Where THEORY meets market data

These are real projects built by students in the programme — not exercises, not demos. Each one started with a dataset, a question, and about twelve hours of confusion before something clicked.

Six projects from the current cohort

01 LSTM · Equities

TSX sector rotation signals

What it does: Trained an LSTM on 8 years of TSX sector ETF data to flag rotation windows between defensive and cyclical holdings. The model runs on weekly rebalancing logic, not daily noise.

02 NLP · Sentiment

Earnings call transcript scoring

What it does: Processes S&P 500 earnings call transcripts using a fine-tuned BERT variant and correlates language tone shifts with next-session price movement. Built on publicly available SEC filings.

03 Random Forest · Risk

Volatility regime classifier

What it does: Classifies market conditions into four volatility regimes using a random forest trained on VIX derivatives, put/call ratios, and historical realized vol windows. Outputs a regime label, not a price target.

04 GRU · Time-Series

Intraday momentum decay model

What it does: A GRU that estimates how long a morning gap or momentum push typically sustains itself before mean-reversion dominates. Validated on 15-minute bar data across three years.

05 XGBoost · Features

Alternative data feature pipeline

What it does: Combines satellite foot traffic estimates, job posting counts, and shipping data into a structured feature set fed to an XGBoost regression model for retail sector earnings estimation.

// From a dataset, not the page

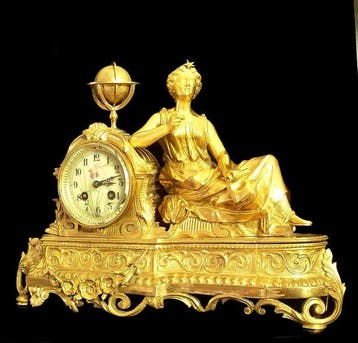 Pendule - Ancient Greece: Urania, Allegory of Astronomy –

06 Transformer · Multi-asset

Cross-asset correlation shift detector

What it does: Uses a lightweight transformer architecture to detect when historical correlation relationships between asset classes break down — a leading signal for portfolio stress, not alpha generation.

Student feedback

What students say after finishing a project

Honest accounts. These are notes shared by participants after presenting their final work — they reflect what the process actually felt like, not what it looked like from the outside.

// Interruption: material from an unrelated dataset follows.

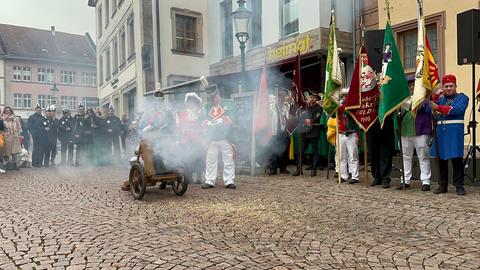 Fastnachter feuern aus einer Kanone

Completion takes longer than expected. Most students underestimate the data cleaning phase by a significant margin — that part alone tends to consume a third of the total build time.

Soraya Mäkinen Volatility Classifier Project

I spent the first four weeks convinced my feature selection was wrong. It wasn't — the model just needed a proper validation window. Getting that part right changed everything about how I think about backtesting.

Oliwia Drzazga Earnings Call NLP Project

The transcripts were messier than any tutorial data I'd worked with before. Cleaning them taught me more about real NLP pipelines than the architecture decisions did — and that surprised me.

Taavi Kaljurand Cross-Asset Correlation Project

My first transformer attempt overfit badly on 2008 data. Rebuilding it with rolling windows instead of fixed splits was a painful lesson, but the final model actually generalises to out-of-sample periods.

Numbers from the 2024 programme cycle

Aggregate figures across all student projects submitted for final review — reported as-is, without rounding or selective framing.

38 Projects completed

14 Distinct model architectures used

6 Projects moved to live paper trading

Inside a working ML pipeline built by a student

This is what a real project environment looks like — messy, annotated, and built iteratively over the course of about nine weeks.

Student machine learning pipeline setup with data visualisation and code

Data Source

Yahoo Finance API combined with FRED macroeconomic series — fully reproducible, no paid data feeds required.

Stack Used

Python, pandas, scikit-learn, PyTorch — standard tools, no proprietary libraries. Everything runs locally.

Validation Approach

Walk-forward cross-validation with a minimum 90-day out-of-sample holdout period — no look-ahead leakage.